We have all heard Aesop’s Fable about the race between the tortoise and the hare. The hare, convinced that he was much faster than the tortoise, took time out for a meal and a nap. When he woke up he realized his mistake but the tortoise crossed the finish line first.
It seems that this fable is especially true about how people grow rich when investing. There are some spectacularly wealth people who got that way virtually over night – we have all read about them – but the vast majority of the “High Net Worth” (HNW) people – those with at least $3 million in investable assets – did it the tortoise way.
The interesting thing about these HNW people is that they rose from the poor and the middle class; they did not inherit their wealth.
A study by Bank of America and U.S. Trust found that 77% – more than three quarters – of their clients grew their wealth slowly. 83% said that they grew rich by making small wins rather than taking large risks. They grew their wealth by careful investing and avoiding major losses.

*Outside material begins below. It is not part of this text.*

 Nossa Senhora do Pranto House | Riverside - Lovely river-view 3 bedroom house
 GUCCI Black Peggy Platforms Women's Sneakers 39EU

In our practice we have met quite a few people who managed to turn modest incomes into multi-million dollar portfolios. We have also spoken with people who took big investment risks only to fail, and have to continue to work long after they planned to retire.
It’s up to each one of us to decide what race we wish to run. But keep in mind that the odds favor the tortoise over the hare. And if you have a problem with the slow-but-steady approach to wealth, get a good RIA who will guide you.